The schedule of events for the Amerks’ “Community Assist” Program is as follows:
Sunday, Oct. 20: Rochester Ice Cats practice
The Rochester Americans and Rochester Ice Cats will renew their longstanding relationship for another year as Amerks players continue to skate with the team throughout the season, beginning on Sunday, Oct. 20 when forwards Frederick Roy and Kevin Sundher help the Ice Cats usher in the 2013-14 season. The pair will provide on-ice instruction and assist coaches with fundamental skill development. The Amerks purchased a full set of white Ice Cats uniforms complete with an Amerks patch on the chest that the team will donate to the Ice Cats during Saturday night’s game against Utica. The Ice Cats, also known as Rochester Special Hockey, are members of Special Hockey International – a division of USA Hockey. The organization specializes in providing training in the game of ice hockey for individuals with developmental disabilities. The Ice Cats organization has an active roster of 38 players. These individuals, both male and female, range in age from eight to 40, and truly have a love for the game. They give 100% at all times, during both practice and games, and are always willing and able to learn new skills. The team is geared to individual needs with an emphasis on sportsmanship and learning to interact with others. The Ice Cats are a non-profit volunteer organization, with support coming from all our families, both as coaches, trainers, drivers and most of all fans. All practices begin at 4:30 p.m. and are held at the Bill Gray’s Regional Iceplex on the campus of MCC.
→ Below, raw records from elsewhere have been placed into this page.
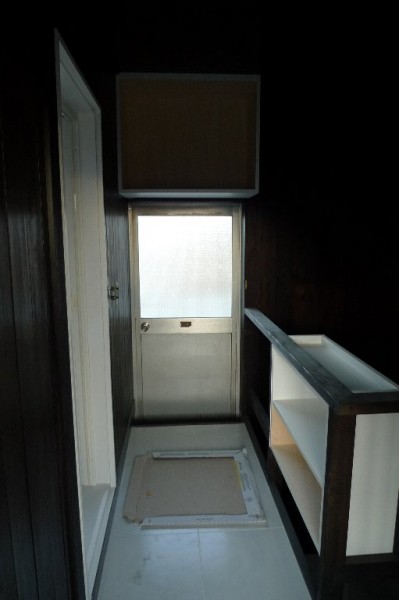 P1640885-1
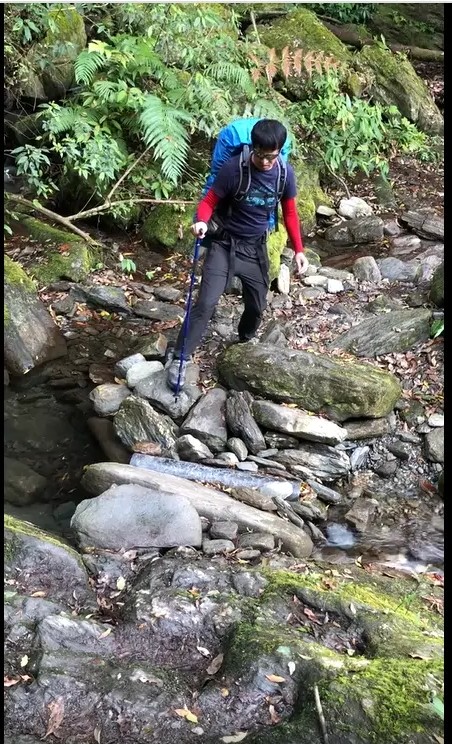 �ϥ|�G�e���˩Ԧ̳~���A�p���l�l�a�u��e�v�C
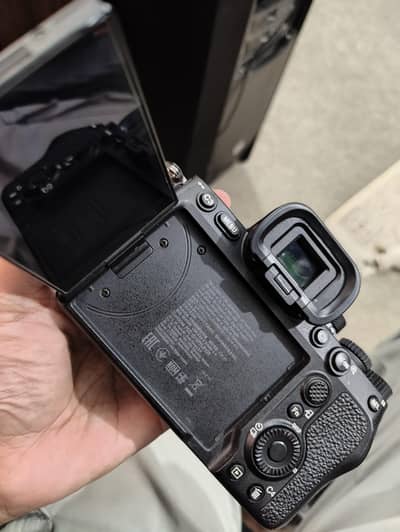 Sony a7iv mirror lesscamera condition 10/10 mint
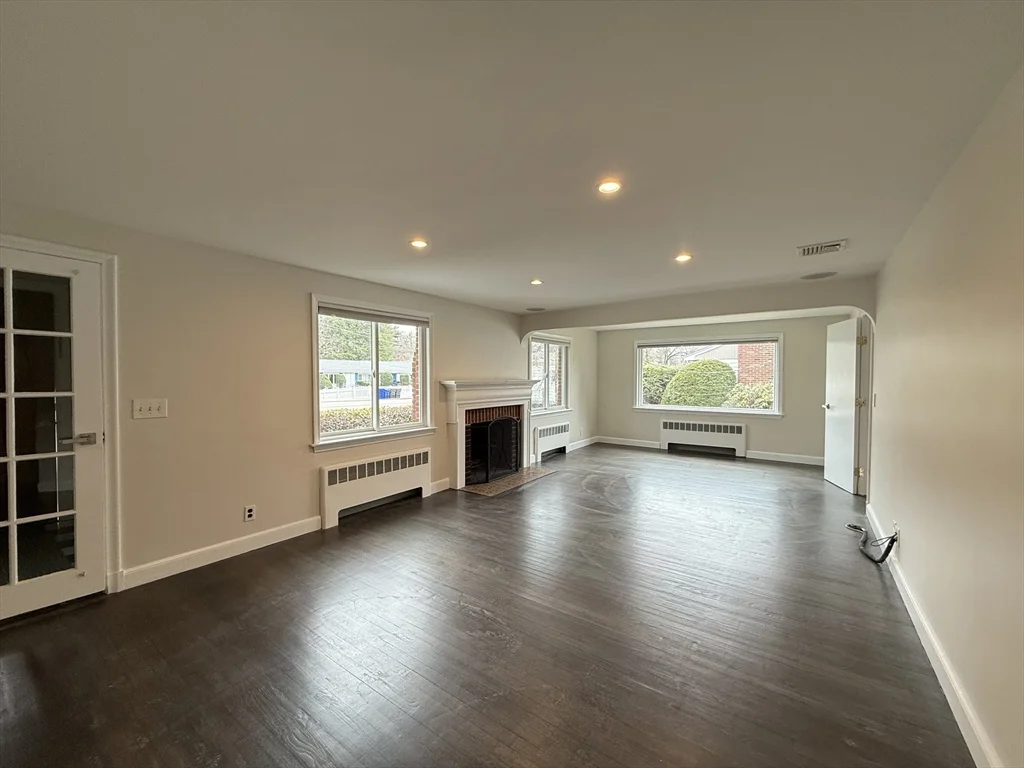 3 bed, 3 bath apartment for rent at 115 Grove St, Chestnut Hill — photo 4 of 12
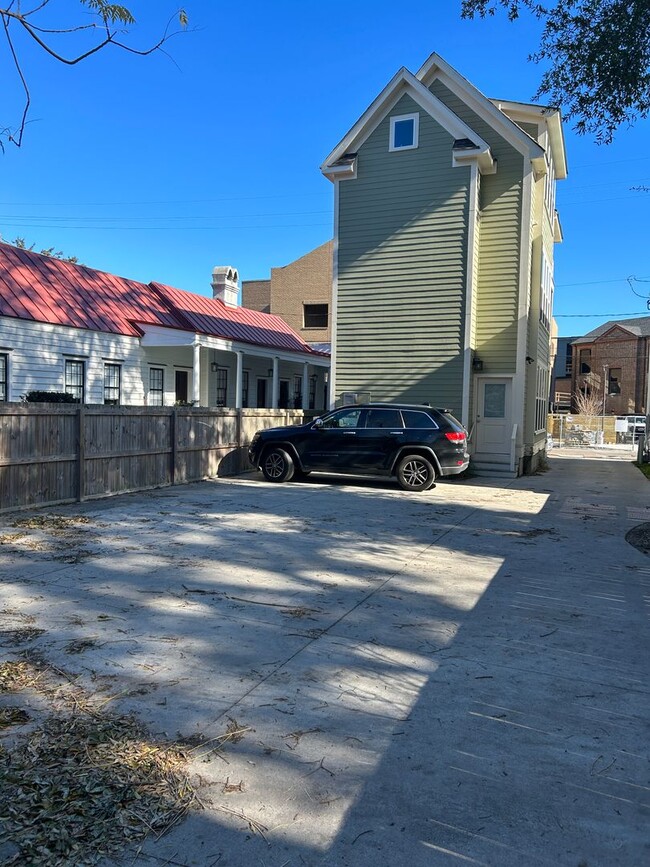 225 Nassau St in Charleston, SC - Building Photo - Building Photo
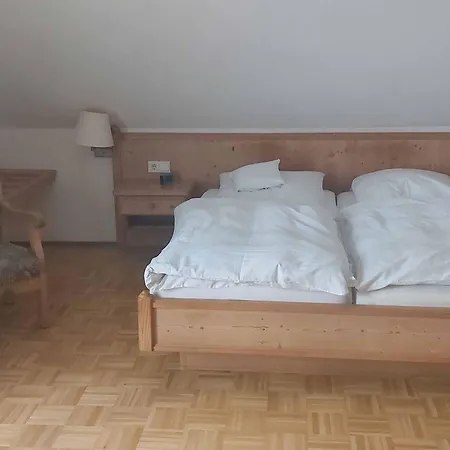 Hotel Pension Am Engelsberg-3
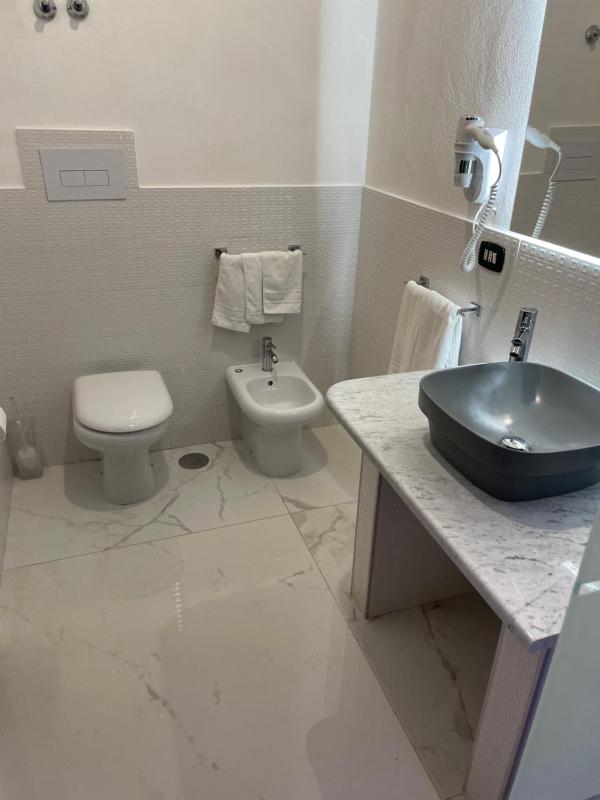 Large Double Room image 3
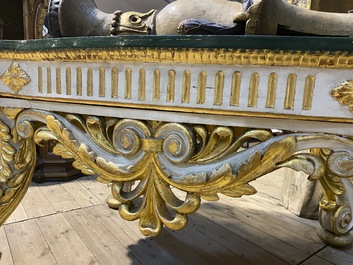 Une table de style baroque en bois polychrome et dor&eacute;, Italie, 19&egrave;me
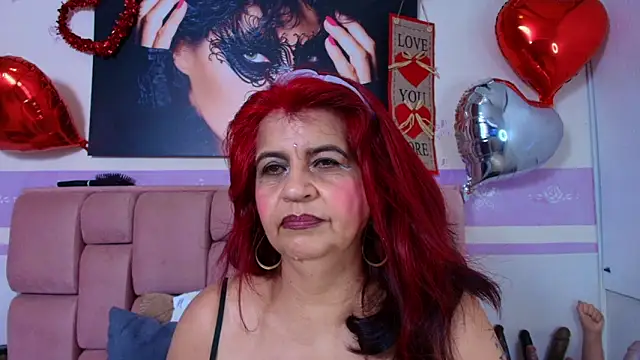 Snapshot of RoxetteMature chatting on 02/20/26, 12:05 RoxetteMature online show from 02/20/26, 12:05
Monday, Oct. 21: Amerks Reading Power Play, presented by Wendy’s
The Amerks and the Monroe County Libraries are again partnering to provide the “Reading Power Play,” which teams Amerks players with local public librarians in support of reading. The 2013-14 season marks the ninth year of the program, presented exclusively by Wendy’s. The Amerks will kick off the 2013-14 program on Monday, Oct. 21 at the Sully Branch Library with the first of seven reading appearances. Amerks defenseman Matt MacKenzie will be on hand starting at 4:00 p.m. The “Reading Power Play” allows fans to meet players and The Moose, while also learning about hockey and the importance of reading. The program involves players stopping by local libraries, reading to kids and giving a hockey demonstration. Each appearance also features a raffle for Amerks memorabilia and an autograph session by the visiting player and The Moose.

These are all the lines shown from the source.